§ **Supplied data**
::::::::::
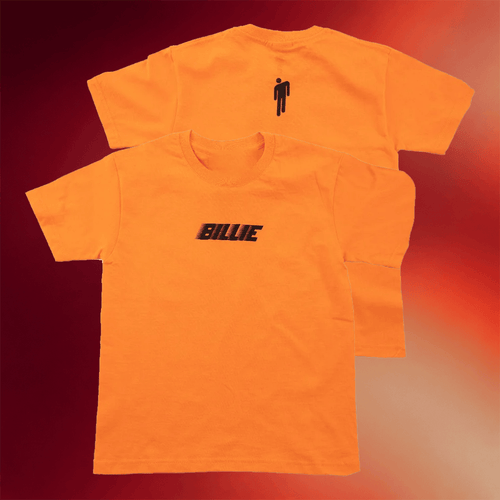 Billie Eilish Merch Racer Logo And Blohsh Billie Eilish T-Shirt Gifts For Music Lovers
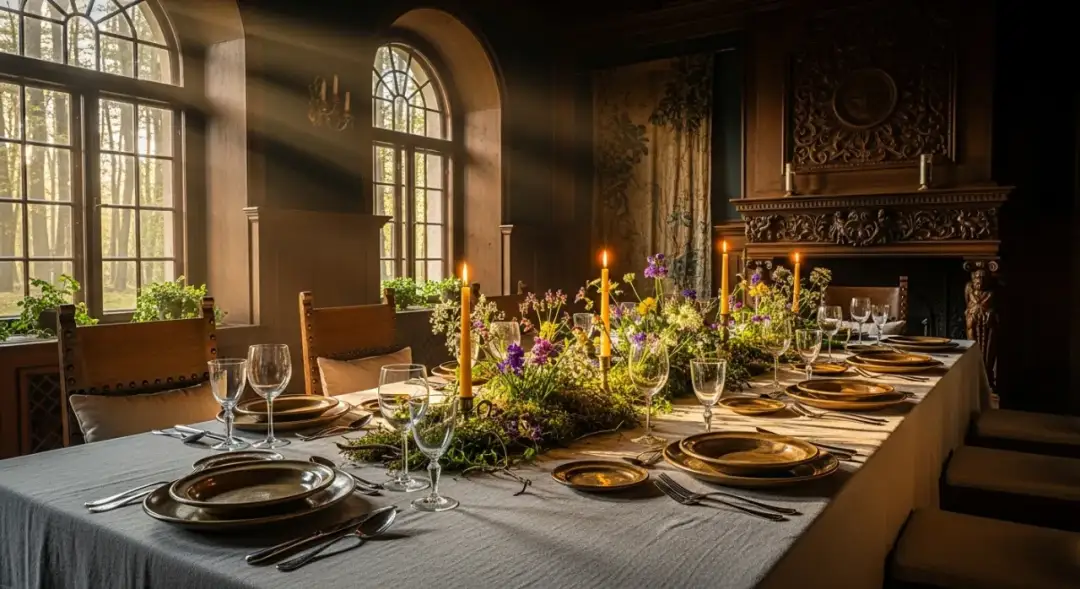 Dworek Wilczyce - wyjątkowa restauracja z pysznym menu i atrakcjami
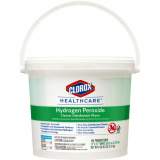 Clorox Healthcare Hydrogen Peroxide Cleaner Disinfectant Wipes (30826)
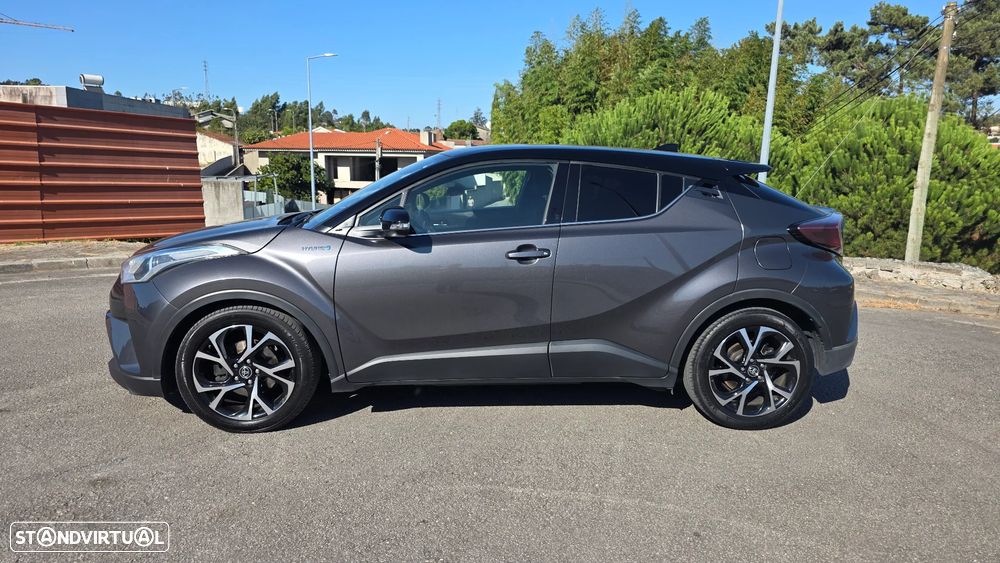 Toyota C-HR 1.8 Hybrid Square Collection - 6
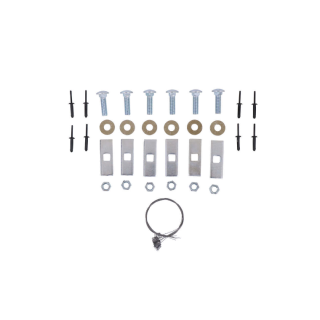 Class 4 7.5K Trailer Hitch w/ 7-Way RV Wiring For 14-23 Dodge Durango Class 4 2" Receiver All Models 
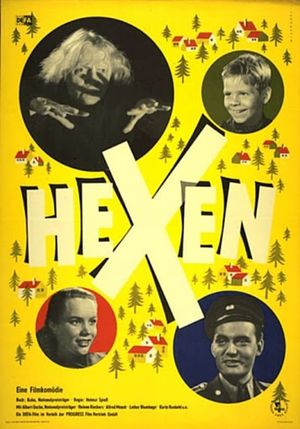 Hexen's poster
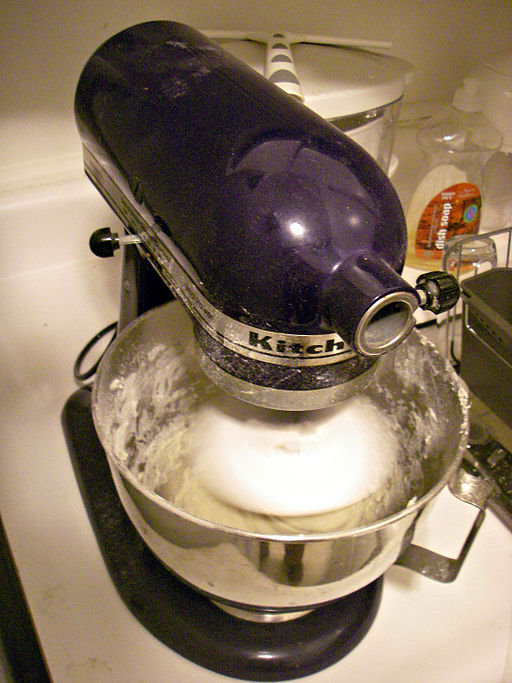 Around Mom's Kitchen Table: Purple Kitchen Appliances and Accessories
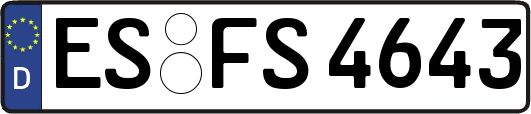 ES-FS4643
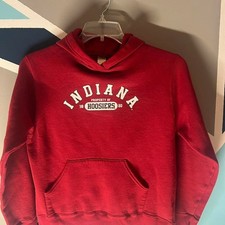 Russell-athletic Women's Red Hoodie
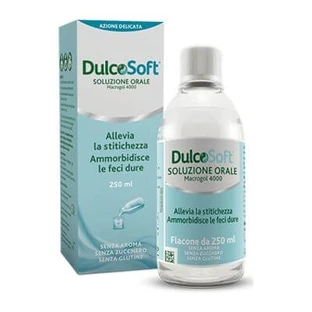 Dulcosoft oral solution 250 ml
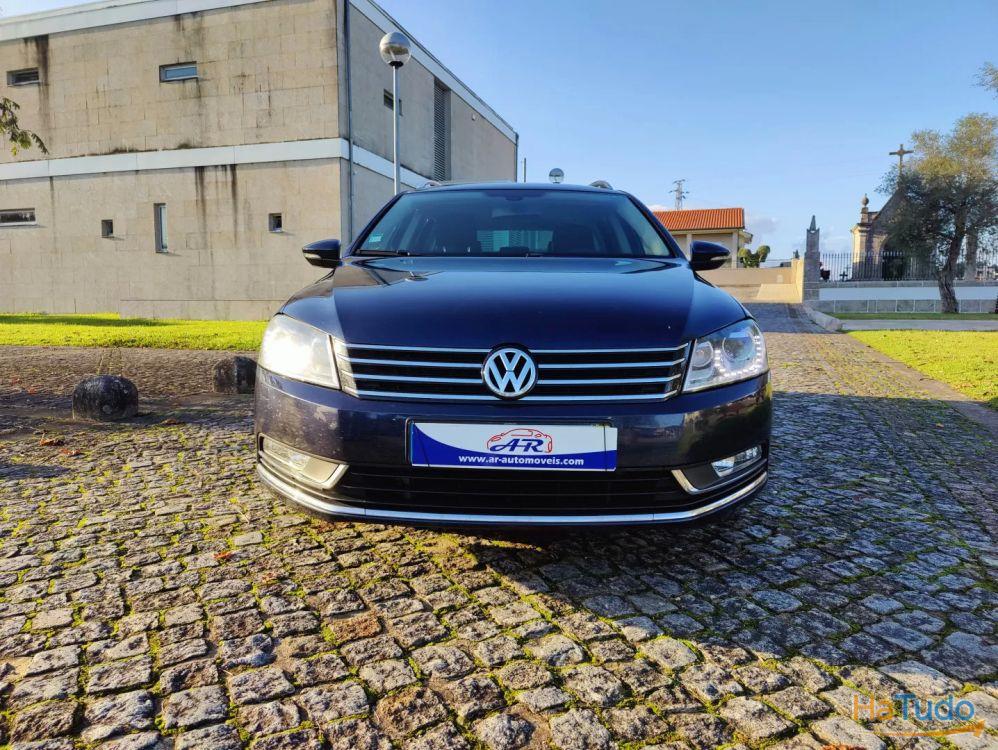 Volkswagen Passat Variant 2.0 TDi Confortline Volkswagen Passat Variant 2.0 TDi Confortline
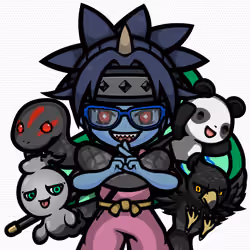 CRYPTONINJA WORLD #9903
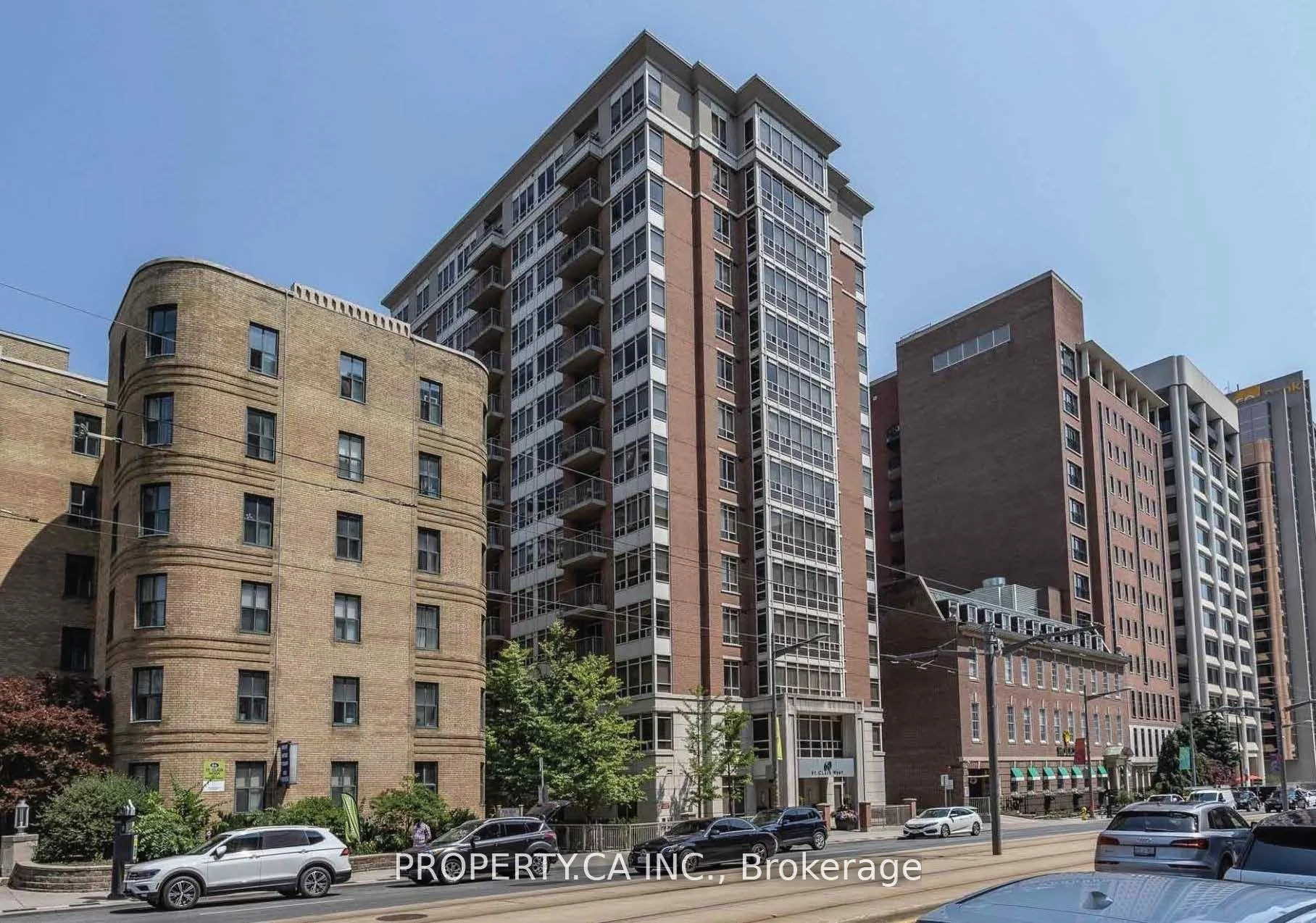 Photo 21 of Unit 202, 60 St Clair Avenue W, Toronto, Yonge-St. Clair — HOMEH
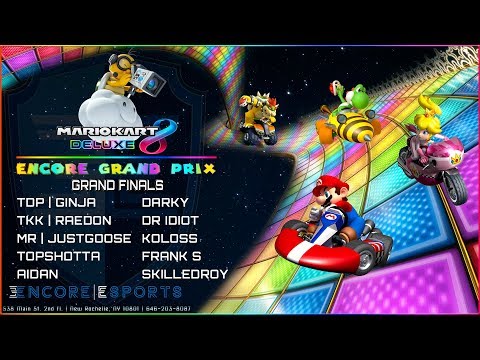 Encore Grand Prix - Grand Final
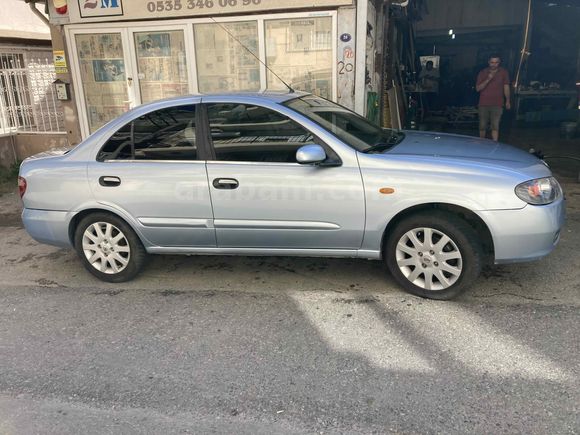 Sahibinden Nissan Almera 1.5 Tekna 2005 Model 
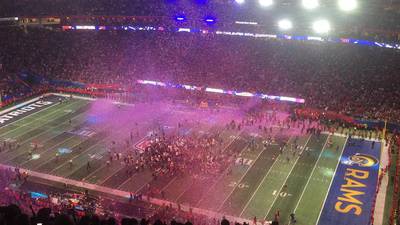 Los Patriots de Nueva Inglaterra hacen historia y ganan su sexto Super Bowl
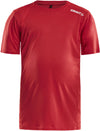 Rush kids shortsleeve shirt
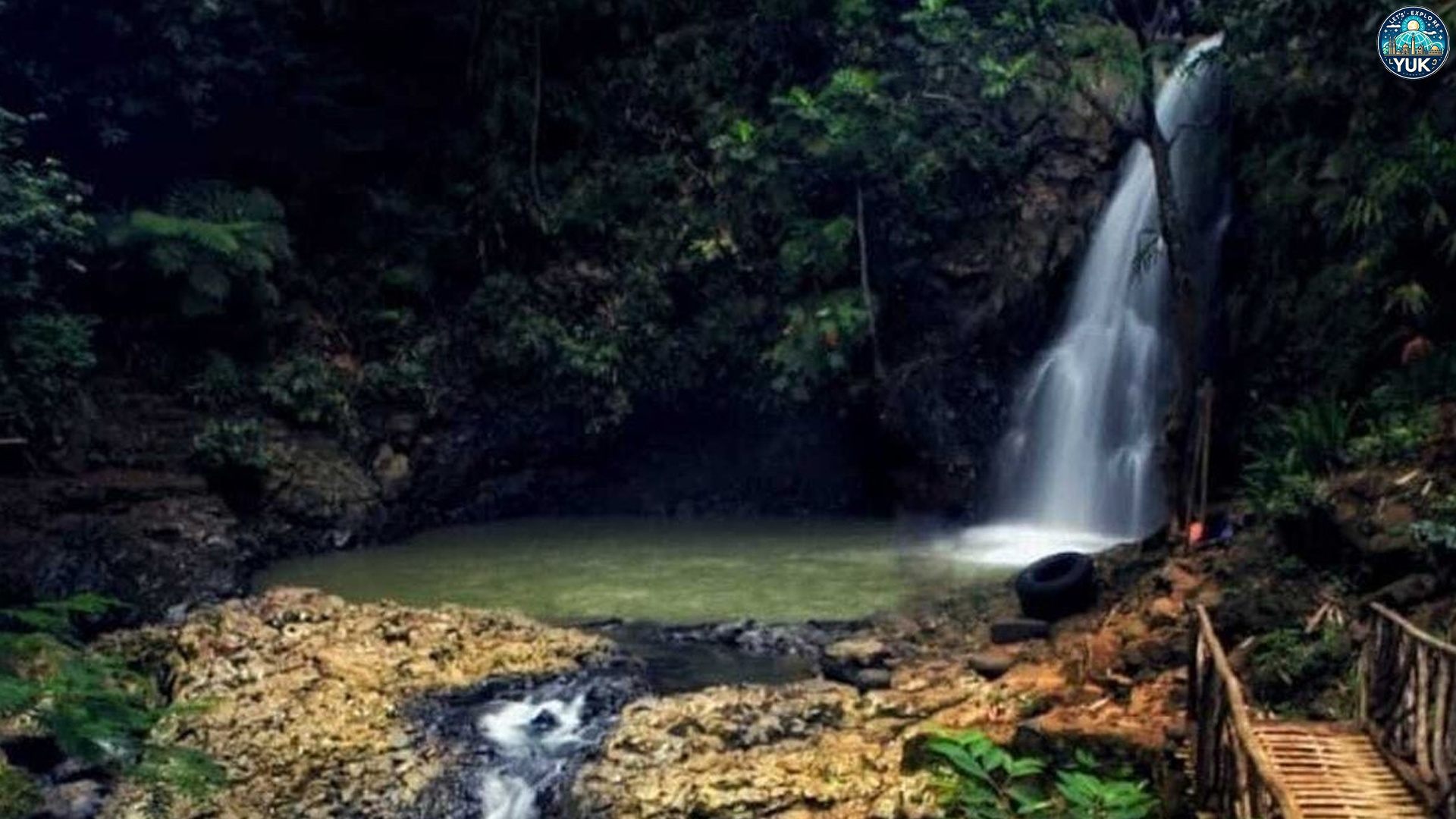 Curug Ciangin: Pesona Air Terjun Menyegarkan di Desa Ciangin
::::::::::
§ **Your assignment**
Without any pictures, write out the lines running from the one containing "Encore Grand Prix - Grand Final" through the end of the listing above, both included, exactly as given.

§ **Problem solution**
 Encore Grand Prix - Grand Final
 Sahibinden Nissan Almera 1.5 Tekna 2005 Model 
 Los Patriots de Nueva Inglaterra hacen historia y ganan su sexto Super Bowl
 Rush kids shortsleeve shirt
 Curug Ciangin: Pesona Air Terjun Menyegarkan di Desa Ciangin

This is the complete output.